Para que un embarazo empiece con buen pie el cuerpo de la mujer tiene que permitir que el embrión se implante correctamente. Este proceso es complejo y los receptores KIR y sus interacciones con ciertos antígenos presentes en los embriones juegan un papel importante en el mismo. Como veremos en esta situación tenemos tres actores que interaccionan entre sí:
- Por una parte, tenemos los receptores KIR, que están situados en la superficie de los linfocitos NK uterinos. Los receptores KIR pueden ser de dos tipos: A o inhibitorios y B o activadores.
- Por otra parte, tenemos los llamados antígenos de histocompatibilidad tipo C (HLA-C) que, a su vez, también pueden ser de dos tipos, HLA-C1 y HLA-C2. Estos antígenos los hereda el embrión de los padres genéticos, por lo que tenemos tres tipos de combinaciones en el embrión: HLA-C1C1, HLA-C2C2 y HLA-C1C2.
- El último factor que interviene en esta ecuación son los propios HLA-C que tiene la madre, que tienen las mismas combinaciones que están presentes en los embriones. Teóricamente el cuerpo de la madre podría reaccionar peor cuando los embriones portan HLA-C de otras personas (sean del padre o de una donante de óvulos) respecto a si el embrión hereda los propios HLA-C maternos.
¿Y como se producen estas interacciones? Pues los estudios confirman que hay ciertas combinaciones entre receptores KIR y HLA-C embrionarios y maternos que pueden dar lugar a un mayor riesgo de patología placentaria durante el embarazo, y de ahí se propuso que el riesgo de padecer estas patologías (retraso de crecimiento intraútero, preeclampsia…) se determinara ya en el momento en el que embrión se implanta.
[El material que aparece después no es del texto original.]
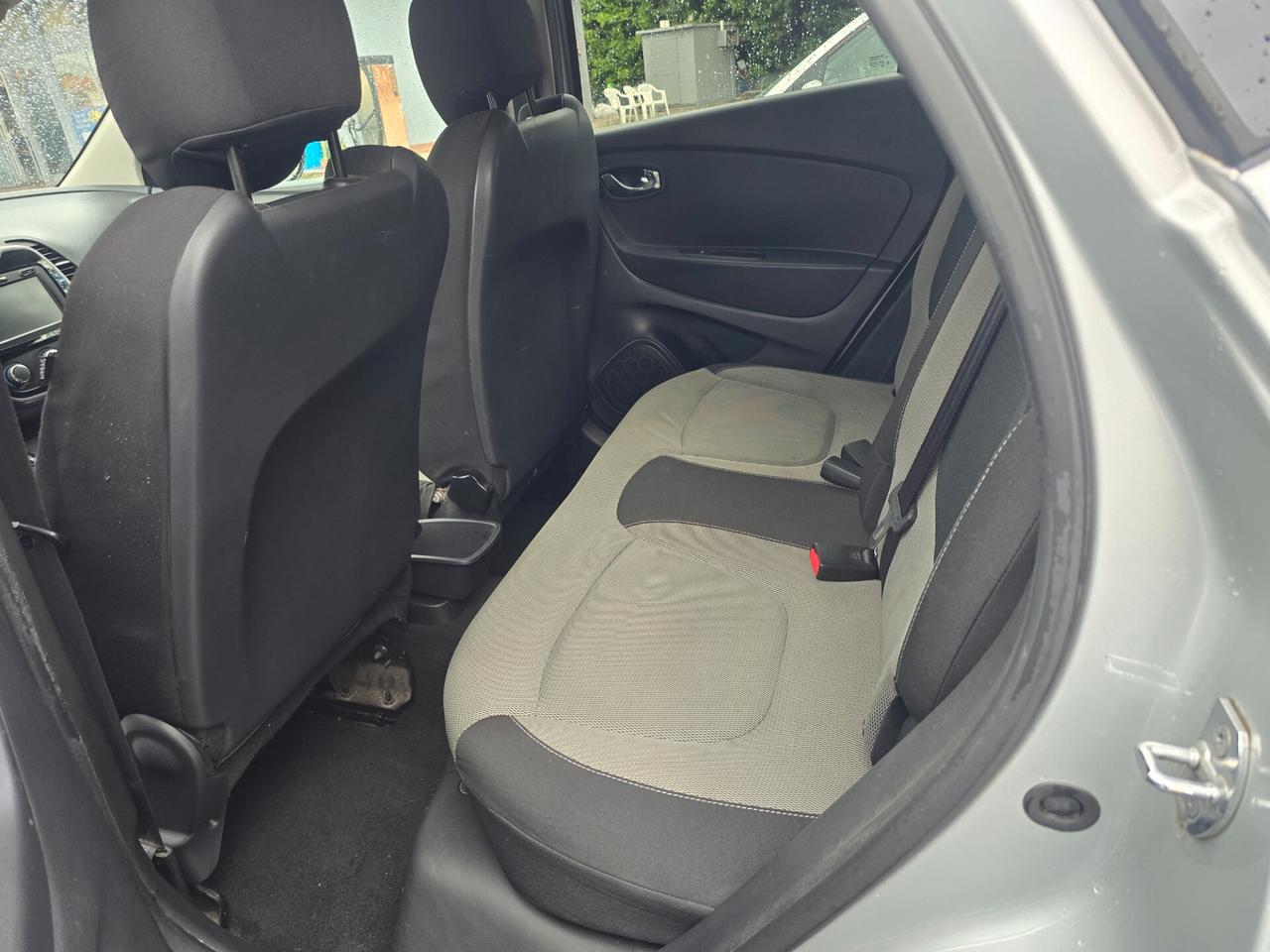 Renault Captur 1.5 dCi 8V 90 CV EDC Energy R-Link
Además, se postuló que estas alteraciones también pudieran comprometer el embarazo aumentando el riesgo de aborto por una mala implantación, por lo que se empezaron a realizar estudios en el ámbito de la fertilidad.
Aunque se presumió que las combinaciones de mujeres con receptores KIR tipo A con embriones que presentaban HLA-C de tipo 2 podrían causar un riesgo de aborto más alto, la realidad es que los estudios publicados no han demostrado una utilidad clínica importante más allá de ciertos escenarios poco habituales. Además, hasta la fecha tampoco hay un tratamiento farmacológico que haya evidenciado una mejora de los resultados, por lo que, como veremos, la estrategia se basa en evitar estas situaciones especiales.
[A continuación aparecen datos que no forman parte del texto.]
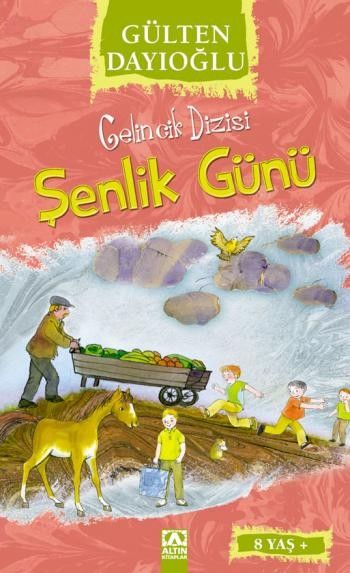 Gelincik Dizisi: Şenlik Günü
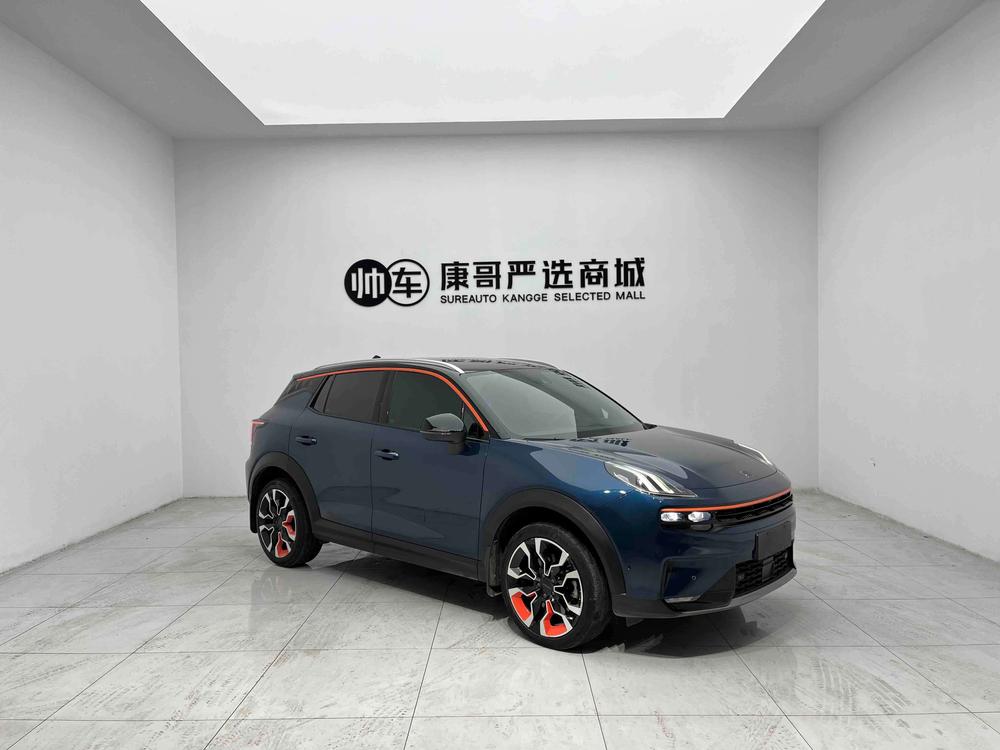 Lynk & Co Lynk & Co 06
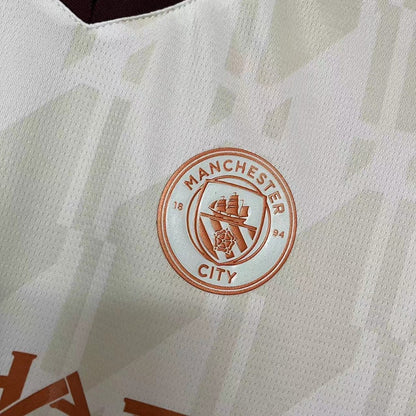 Children’s Clothing 2023 24 Manchester City Away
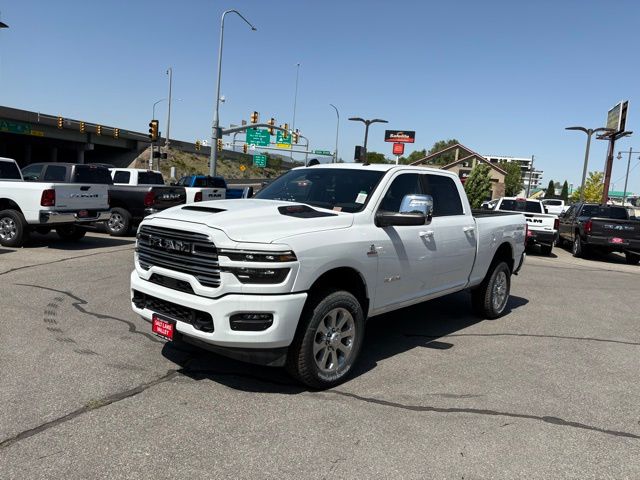 2025 Ram 2500 Laramie photo 3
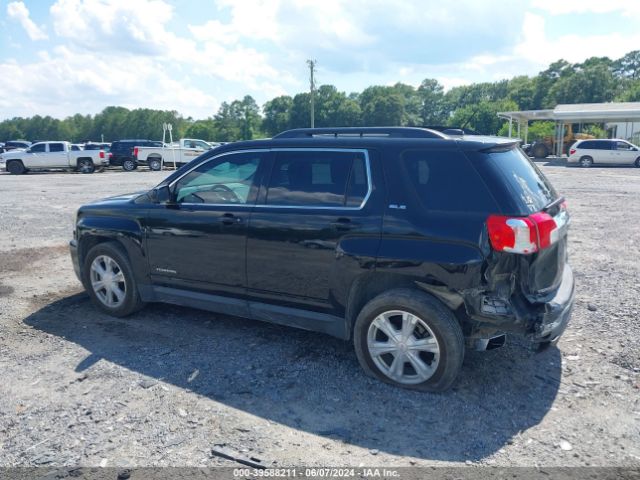 2GKALNEKXH6324955 GMC Terrain Sle-2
¿Y cuáles son estas situaciones especiales en las que los receptores KIR pueden causar problemas? Pues los estudios han demostrado que cuando la mujer que se transfiere es haplotipo A (inhibidor) y los embriones expresan muchos HLA-C2 puede existir un riesgo mayor de aborto, sobre todo, cuando la carga de HLA-C2 del embrión es superior a la que tiene la madre y éstos HLA-C2 no son los propios de la madre (pueden ser los del padre o los de una donante de óvulos, recordemos que los HLA-C2 los hereda el embrión de los progenitores genéticos). Pero lo importante realmente es que este riesgo de aborto sólo se ha podido confirmar cuando se transfería más de un embrión. Por eso en la actualidad, en una clínica que realice casi todas las transferencias con un único embrión estos problemas no son clínicamente relevantes a la hora de establecer las posibles causas de un cuadro de abortos de repetición .
Por lo tanto, si la paciente es haplotipo B (activador) o tiene receptores KIR HLA-no existiría un riesgo aumentado de aborto porque sólo hay riesgo cuando la mujer es haplotipo A (inhibidor) o los embriones tienen más HLA-C2 que la mujer (y un embrión no puede tener más HLA-C2 que la mujer, si ésta ya es HLA-C2C2).
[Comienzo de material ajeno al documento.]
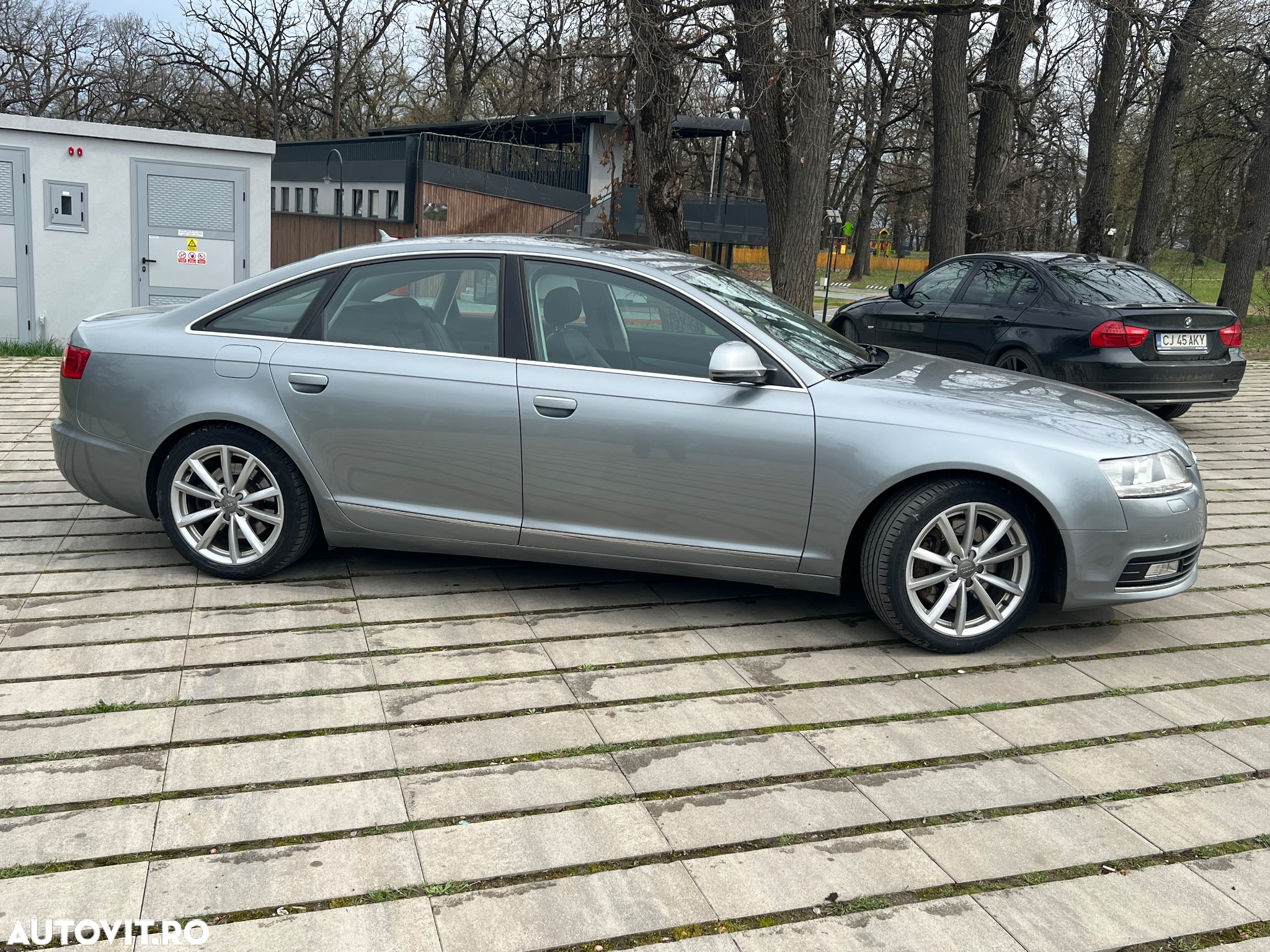 Audi A6 Allroad quattro 3.0 TDI DPF tiptronic - 6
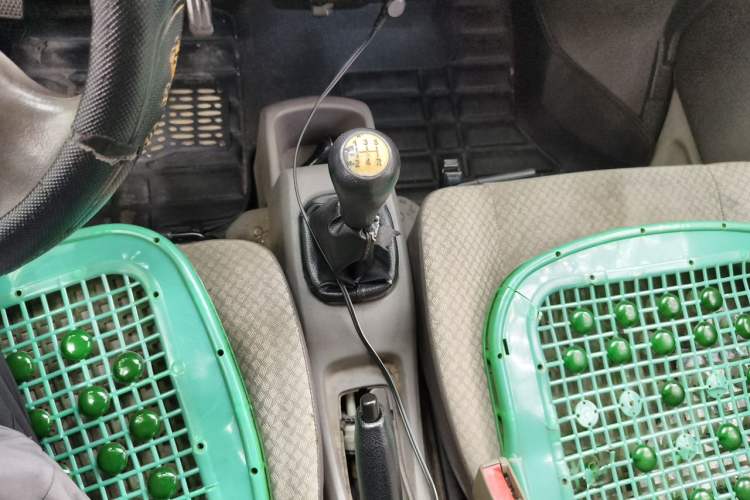 Used CHANGAN KAICHENG Star 2 2012 1.0L Base Version JL466Q9 Gear Lever
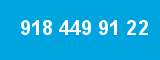 918 449 91 22 918 449 91 22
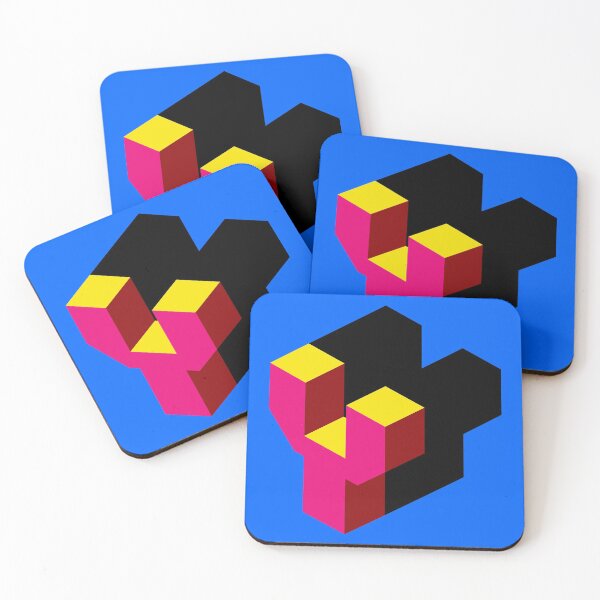 Item preview, Letter Y Isometric Graphic designed and sold by Garaga.
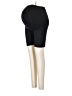 Blanqi Gold Black Shorts Size Med Maternity - photo 1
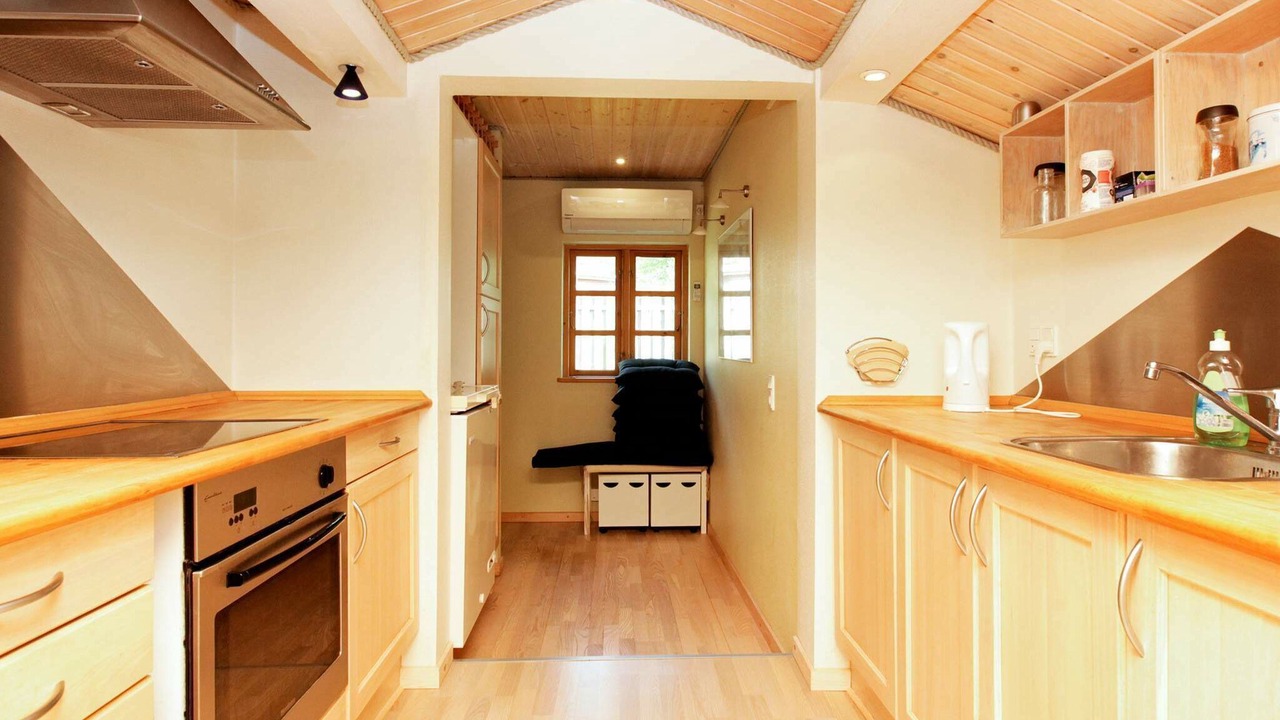 Photo of Kitchen in Hornsved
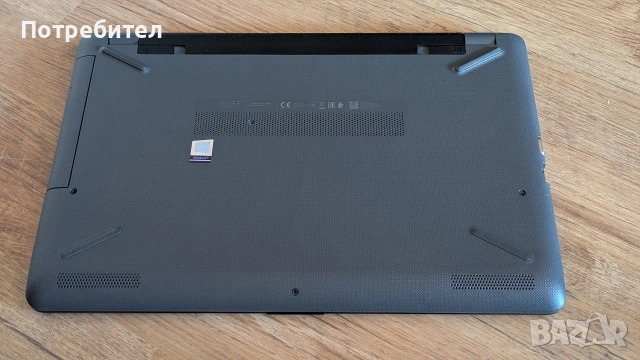 Лаптоп HP 255 G6, снимка 4 - Лаптопи за работа - 55177242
En los casos en los que la mujer tiene receptores KIR tipo A (inhibidor) la estrategia pasa por evitar que el número de los HLA-C2 en los embriones sea mayor que el que tiene la madre. Pero, sobre todo, pasa por no realizar transferencias de más de un embrión (sobre todo en donación de óvulos ) porque entonces es cuando la carga de HLA-C2 embrionaria puede superar claramente la cantidad de HLA-C2 maternos. Además, en donación de óvulos todos los HLA-C2 serán externos, lo que puede generar un rechazo aún mayor. Otra estrategia posible sería buscar donantes HLA-C1C1 para reducir la carga de HLA-C2 de los embriones, pero es mucho más compleja (se calcula que sólo el 30% de las donantes caucásicas van a ser HLA-C1C1) y no aporta ninguna ventaja respecto a la propuesta de transferir un solo embrión.
Como conclusión, si sólo se han realizado transferencias de un embrión, sean propios o de una donación de óvulos, no hay ninguna indicación para pedir estas pruebas porque, independientemente del tipo de receptor KIR o antígenos HLA-C presentes, no nos permitirán explicar los resultados negativos.